===== RECORDED DATA
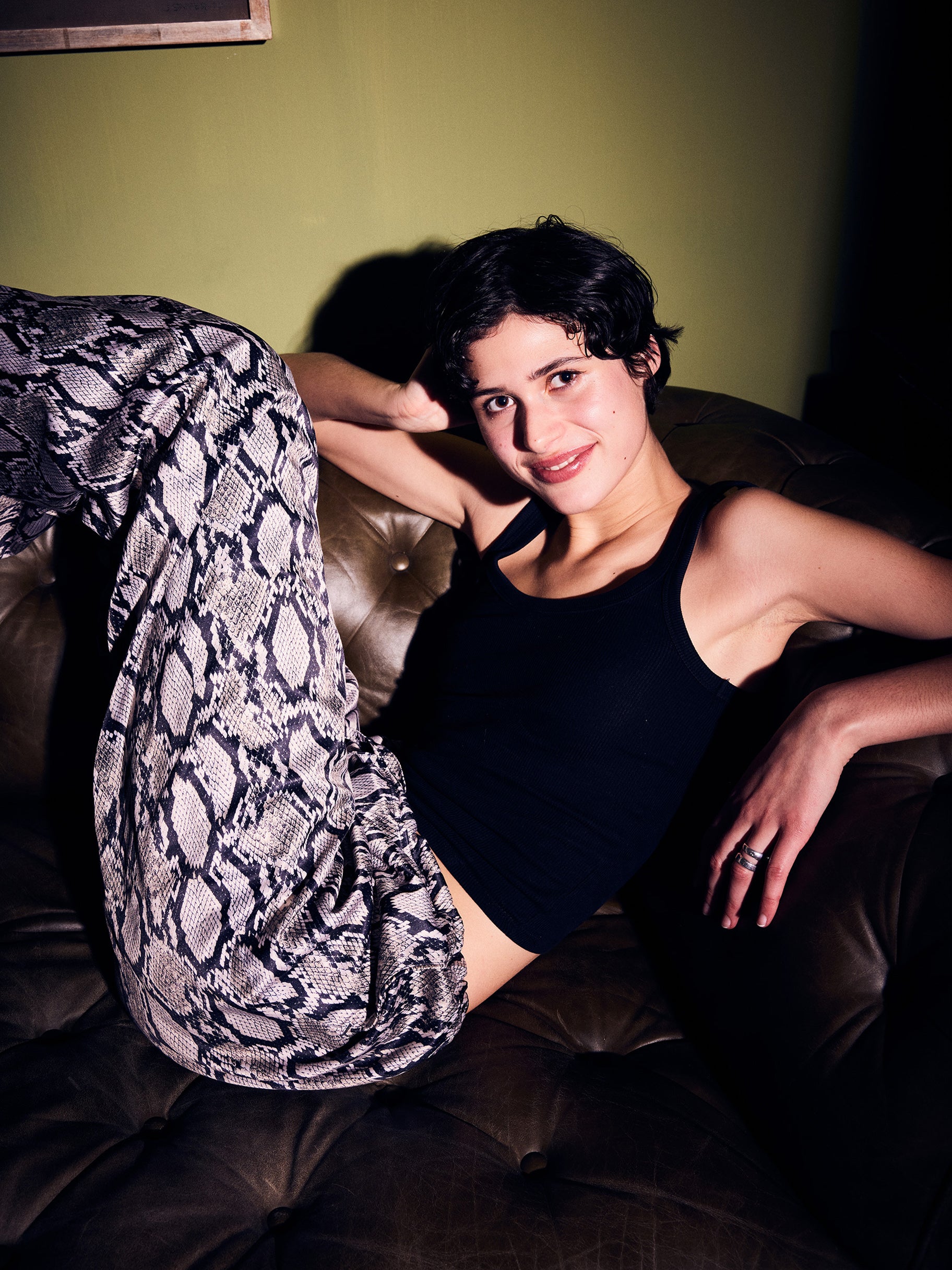 Lockere Pyjamahose mit Schlangen Design an sitzender Frau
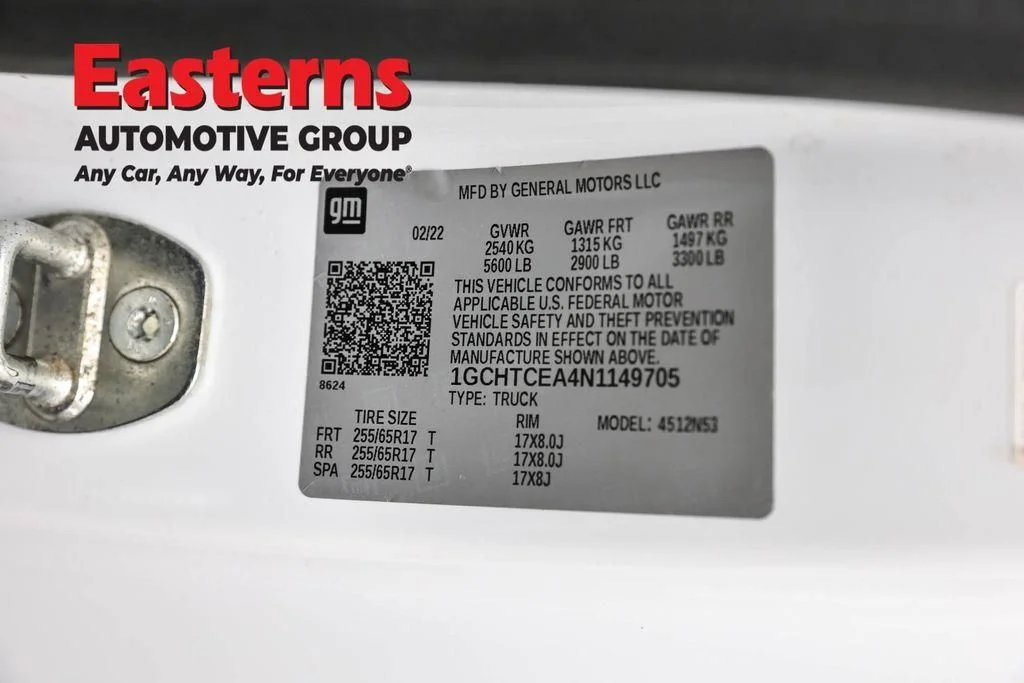 Used 2022 White Chevrolet LT image 37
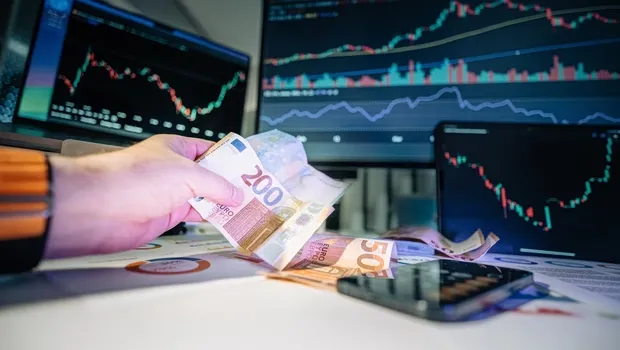 Ο Κωνσταντίνος Αργυρός με την οικογένειά του στην Πελοπόννησο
==========
Would you please output the listing above exactly, leaving out the pictures?

 Lockere Pyjamahose mit Schlangen Design an sitzender Frau
 Used 2022 White Chevrolet LT image 37
 Ο Κωνσταντίνος Αργυρός με την οικογένειά του στην Πελοπόννησο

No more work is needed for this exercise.